* _Image-caption web data_:
Content starts

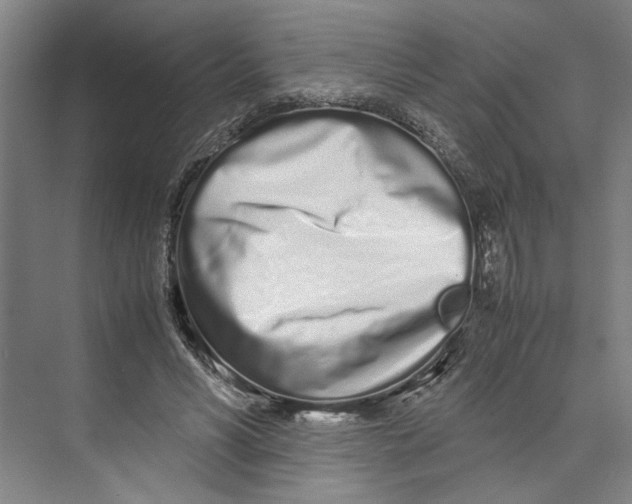 X0000071930590200608041503
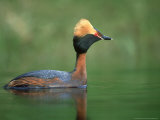 Slavonian Grebe  Podiceps Auritus Adult on Loch in Summer P Lumage  May  Scotland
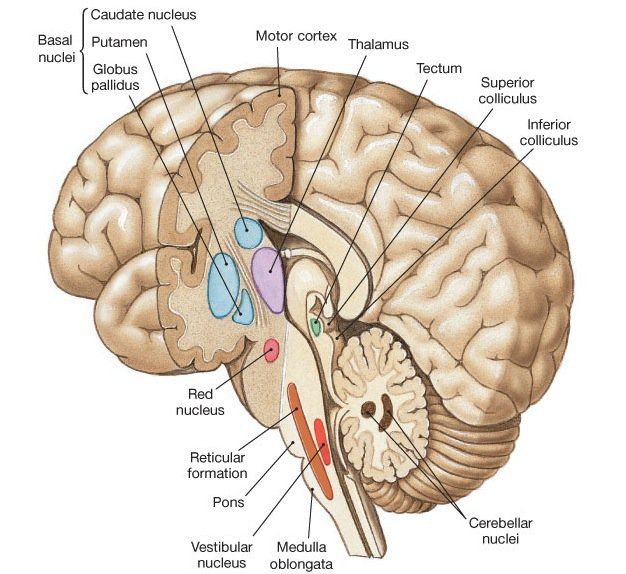Le produit chimique du cerveau qui vous aide à briser les mauvaises habitudes vient d'être identifié.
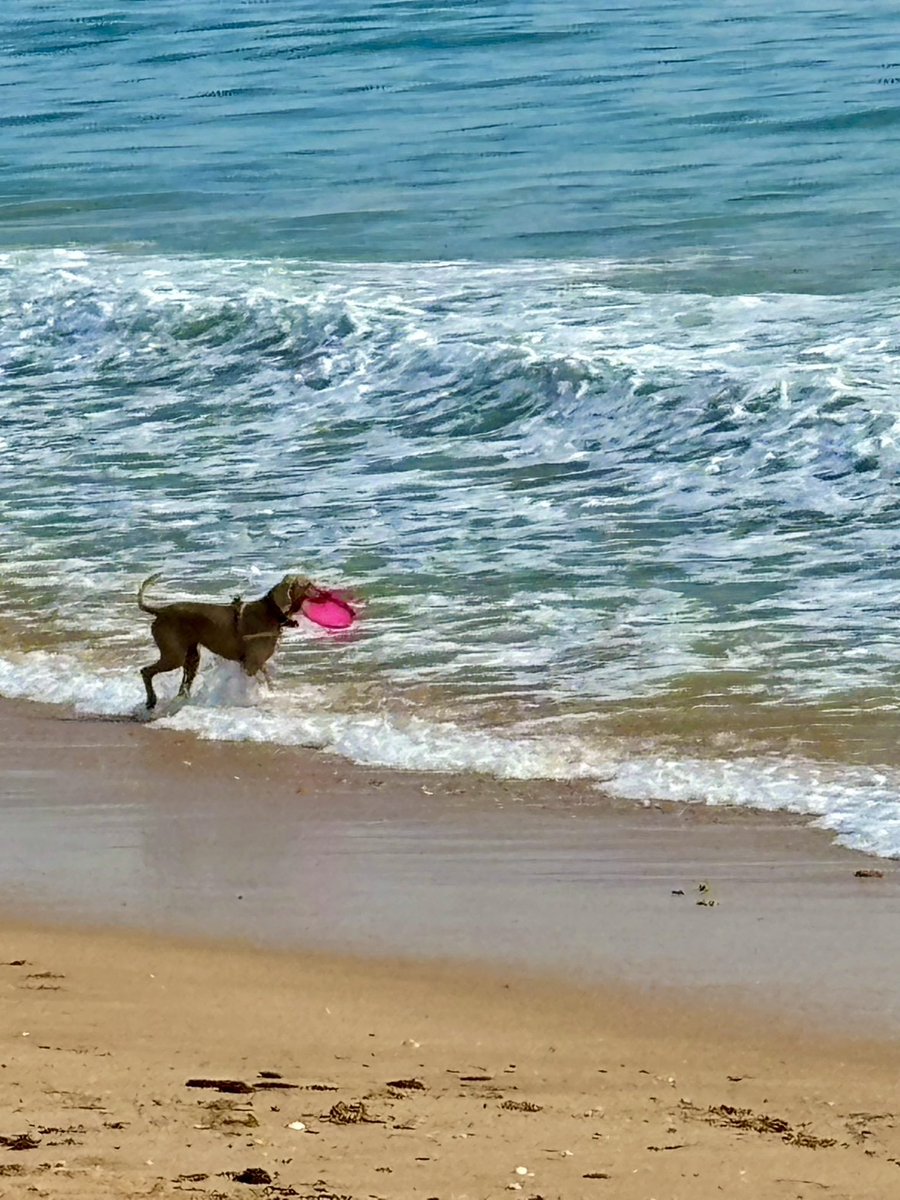 Loving the good life here in #Portugal. Great food & wine, lovely people, respect for natural resources, and a coastline that has stunning at every turn. The #algarve is every bit as beautiful as we expected. Just ask this happy canine who was having a blast with his frisbee 😀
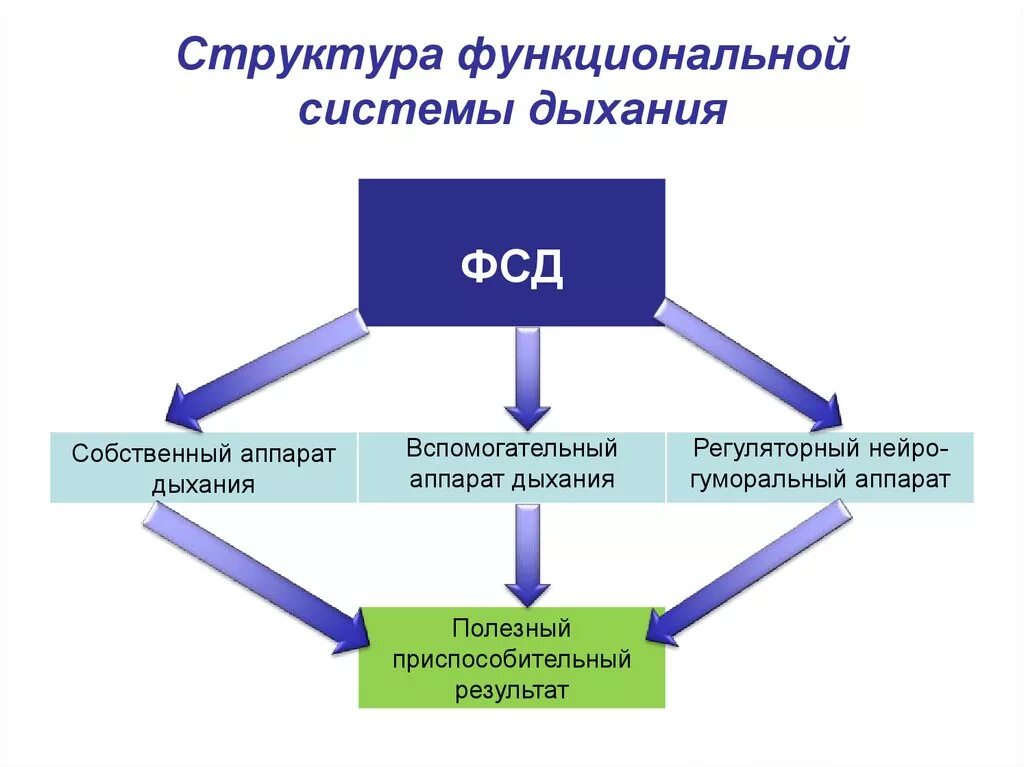 Структурный функционал. Функциональная система дыхания. функциональная структура системы. функциональная система дыхания физиология. схема функциональной системы дыхания.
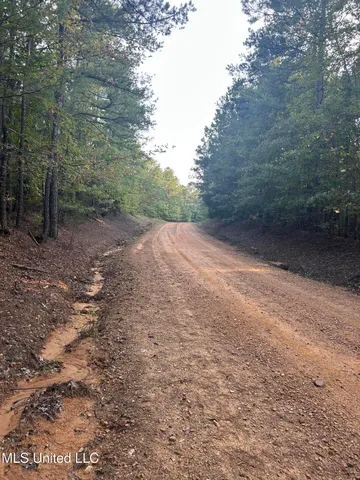 $256,000 | Conley Road, Duck Hill, MS 38925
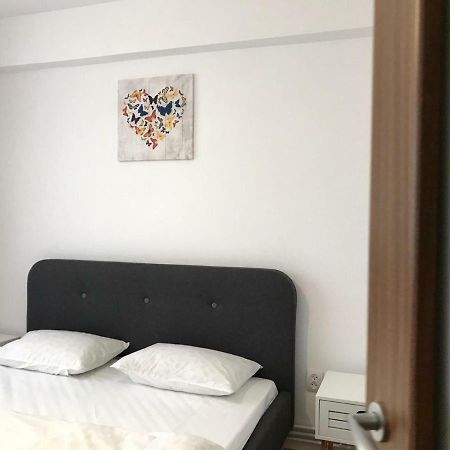 Central View Apartment Timisoara Esterno foto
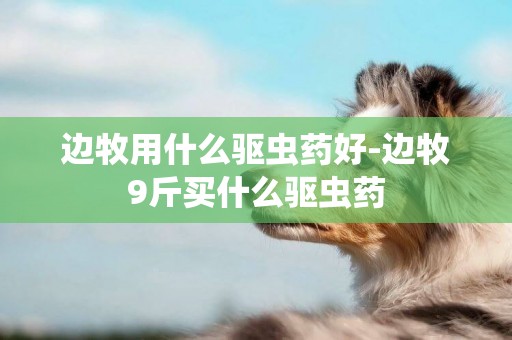 邊牧用什么驅蟲藥好-邊牧9斤買什么驅蟲藥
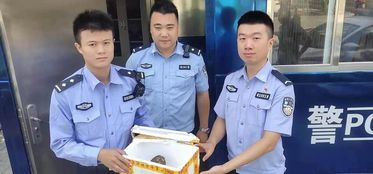 大眼‘萌’禽在校园中流落，警民合力成功救助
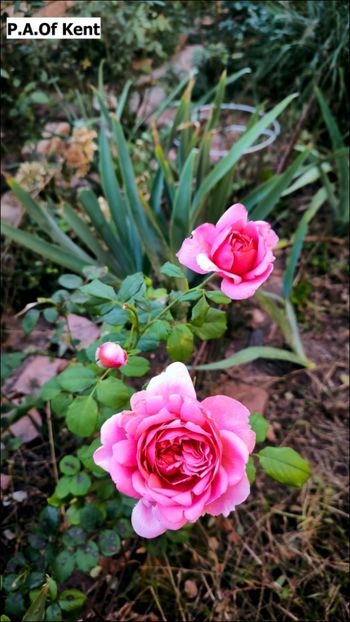 4 (5) - Helena Nezbedová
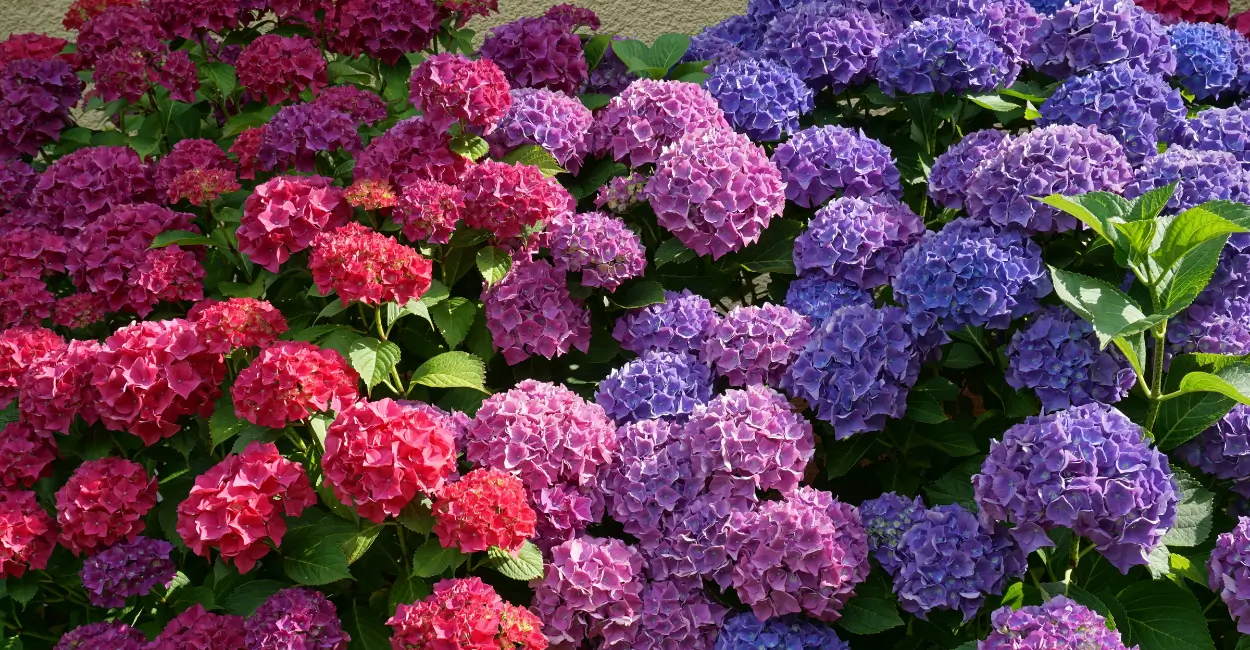 Plantas exóticas e que trocam de cor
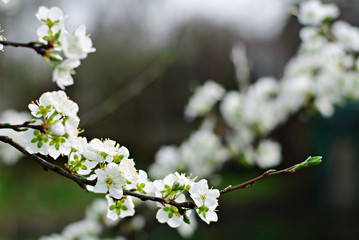 Hoilday of life, cherry blossoms over blurred nature background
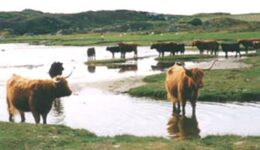hebrides-cattle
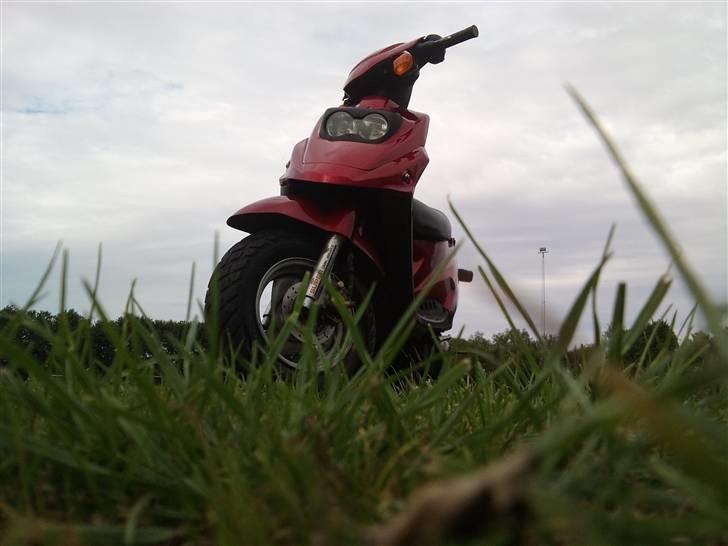 PGO Hot 50 billede 9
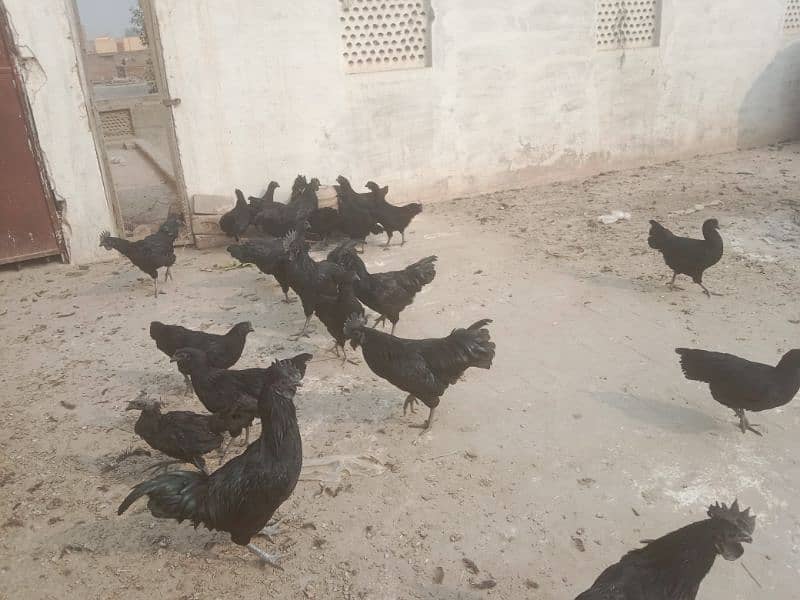 Ayam Cemani 6 months old Pathe , Pathian 9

Content ends

* _YOUR OBJECTIVE_: With the pictures omitted, reproduce the data above exactly.

* _SOLUTION TO THIS TASK_:
 X0000071930590200608041503
 Slavonian Grebe  Podiceps Auritus Adult on Loch in Summer P Lumage  May  Scotland
Le produit chimique du cerveau qui vous aide à briser les mauvaises habitudes vient d'être identifié.
 Loving the good life here in #Portugal. Great food & wine, lovely people, respect for natural resources, and a coastline that has stunning at every turn. The #algarve is every bit as beautiful as we expected. Just ask this happy canine who was having a blast with his frisbee 😀
 Структурный функционал. Функциональная система дыхания. функциональная структура системы. функциональная система дыхания физиология. схема функциональной системы дыхания.
 $256,000 | Conley Road, Duck Hill, MS 38925
 Central View Apartment Timisoara Esterno foto
 邊牧用什么驅蟲藥好-邊牧9斤買什么驅蟲藥
 大眼‘萌’禽在校园中流落，警民合力成功救助
 4 (5) - Helena Nezbedová
 Plantas exóticas e que trocam de cor
 Hoilday of life, cherry blossoms over blurred nature background
hebrides-cattle
 PGO Hot 50 billede 9
 Ayam Cemani 6 months old Pathe , Pathian 9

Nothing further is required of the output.